ISRAELE – L’ostaggio Shlomo Mansour assassinato il 7 ottobre

Shlomo Mansour era sopravvissuto al pogrom di Baghdad del 1941. Con la famiglia pochi anni dopo era riuscito a fuggire dall’Iraq e trovare rifugio in Israele. Non immaginava di cadere vittima di un’altra strage antisemita: il 7 ottobre Shlomo Mansour, 86 anni, è stato assassinato da Hamas e la sua salma è stata presa in ostaggio dai terroristi palestinesi. 494 giorni dopo l’esercito ne ha dato conferma alla famiglia e al kibbutz Kissufim, di cui Shlomo era uno dei fondatori. «Questo è uno dei giorni più difficili nella storia del nostro kibbutz. Shlomo era molto più di un membro della comunità per noi: era un padre, un nonno, un vero amico e il cuore pulsante di Kissufim», si legge nel comunicato del kibbutz.
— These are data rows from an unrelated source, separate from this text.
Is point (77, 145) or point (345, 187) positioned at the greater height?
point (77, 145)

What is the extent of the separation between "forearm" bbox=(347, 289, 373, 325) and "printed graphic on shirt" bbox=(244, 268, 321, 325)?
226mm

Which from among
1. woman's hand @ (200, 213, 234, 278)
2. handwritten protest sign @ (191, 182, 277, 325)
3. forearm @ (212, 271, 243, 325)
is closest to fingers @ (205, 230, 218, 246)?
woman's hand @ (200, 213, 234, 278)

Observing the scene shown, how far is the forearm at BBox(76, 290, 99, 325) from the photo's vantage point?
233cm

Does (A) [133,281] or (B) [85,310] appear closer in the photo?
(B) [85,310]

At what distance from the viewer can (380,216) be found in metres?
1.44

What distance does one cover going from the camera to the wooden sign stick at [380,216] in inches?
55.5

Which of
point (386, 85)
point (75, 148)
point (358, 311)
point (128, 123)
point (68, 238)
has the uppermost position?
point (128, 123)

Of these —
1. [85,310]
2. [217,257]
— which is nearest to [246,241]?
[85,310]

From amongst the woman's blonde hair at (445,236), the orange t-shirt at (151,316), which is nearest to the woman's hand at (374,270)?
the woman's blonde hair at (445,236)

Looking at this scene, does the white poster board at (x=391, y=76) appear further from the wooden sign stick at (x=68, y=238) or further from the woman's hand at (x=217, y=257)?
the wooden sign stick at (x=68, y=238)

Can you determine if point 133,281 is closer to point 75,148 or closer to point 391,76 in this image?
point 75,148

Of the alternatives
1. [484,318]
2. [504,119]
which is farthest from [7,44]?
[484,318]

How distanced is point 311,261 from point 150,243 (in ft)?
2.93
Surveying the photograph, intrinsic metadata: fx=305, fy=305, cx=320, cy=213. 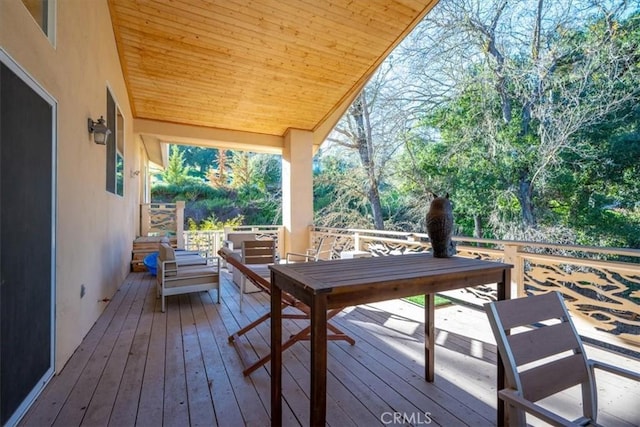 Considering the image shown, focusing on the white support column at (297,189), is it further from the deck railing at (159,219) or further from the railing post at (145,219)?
the railing post at (145,219)

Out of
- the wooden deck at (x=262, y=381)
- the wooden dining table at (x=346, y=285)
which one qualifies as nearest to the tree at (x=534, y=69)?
the wooden deck at (x=262, y=381)

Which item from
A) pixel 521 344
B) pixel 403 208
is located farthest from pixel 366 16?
pixel 403 208

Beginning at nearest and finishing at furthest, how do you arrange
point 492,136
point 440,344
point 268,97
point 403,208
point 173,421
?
point 173,421, point 440,344, point 268,97, point 492,136, point 403,208

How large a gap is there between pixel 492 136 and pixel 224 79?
6.51 m

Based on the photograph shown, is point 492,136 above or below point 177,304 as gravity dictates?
above

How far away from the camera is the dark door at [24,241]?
1540 millimetres

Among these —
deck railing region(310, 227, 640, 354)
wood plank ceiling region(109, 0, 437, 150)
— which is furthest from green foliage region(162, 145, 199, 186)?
deck railing region(310, 227, 640, 354)

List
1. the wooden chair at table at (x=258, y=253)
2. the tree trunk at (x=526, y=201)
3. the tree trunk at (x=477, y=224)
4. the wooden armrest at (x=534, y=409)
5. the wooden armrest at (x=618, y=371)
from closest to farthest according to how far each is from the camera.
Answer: the wooden armrest at (x=534, y=409)
the wooden armrest at (x=618, y=371)
the wooden chair at table at (x=258, y=253)
the tree trunk at (x=526, y=201)
the tree trunk at (x=477, y=224)

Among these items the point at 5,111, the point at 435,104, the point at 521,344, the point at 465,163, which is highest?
the point at 435,104

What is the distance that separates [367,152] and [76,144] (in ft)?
28.6

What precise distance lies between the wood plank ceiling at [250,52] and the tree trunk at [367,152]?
3.85 metres

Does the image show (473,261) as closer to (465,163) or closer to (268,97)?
(268,97)

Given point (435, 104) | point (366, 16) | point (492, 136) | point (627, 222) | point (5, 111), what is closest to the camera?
point (5, 111)

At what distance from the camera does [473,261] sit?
185cm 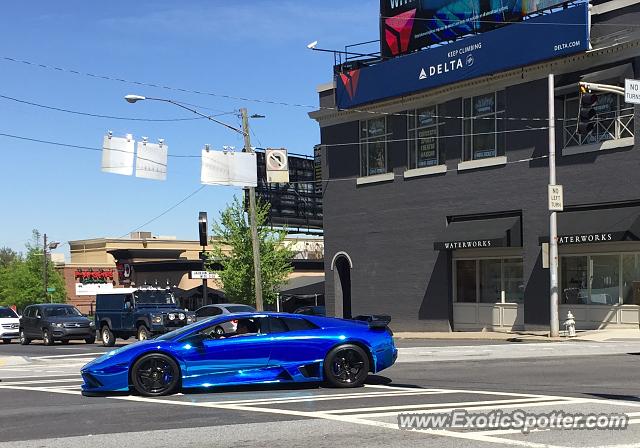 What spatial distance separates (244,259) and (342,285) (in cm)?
970

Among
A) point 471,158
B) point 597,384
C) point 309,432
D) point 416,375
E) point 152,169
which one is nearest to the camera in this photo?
point 309,432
Il nome di Mansour è parte della lista dei 33 ostaggi da liberare nella prima fase dell’accordo tra Israele e Hamas. Un elenco di cui si conoscono i nomi, ma non le condizioni. Si sapeva solo che otto dei rapiti non sono più in vita. Uno di loro, ha scoperto oggi la famiglia, è Mansour, il più anziano dei 76 ostaggi ancora in mano ai terroristi. «Fa male a me, fa male alla famiglia. Il nostro fratello maggiore non c’è più, non aveva mai fatto niente di male a nessuno. Era il nonno migliore, il padre migliore. Avevo grandi aspettative che sarebbe finita diversamente, che sarebbe successo qualcosa di buono. Non riesco a smettere di piangere», ha raccontato a ynet il fratello di Shlomo, Moshe Mansour.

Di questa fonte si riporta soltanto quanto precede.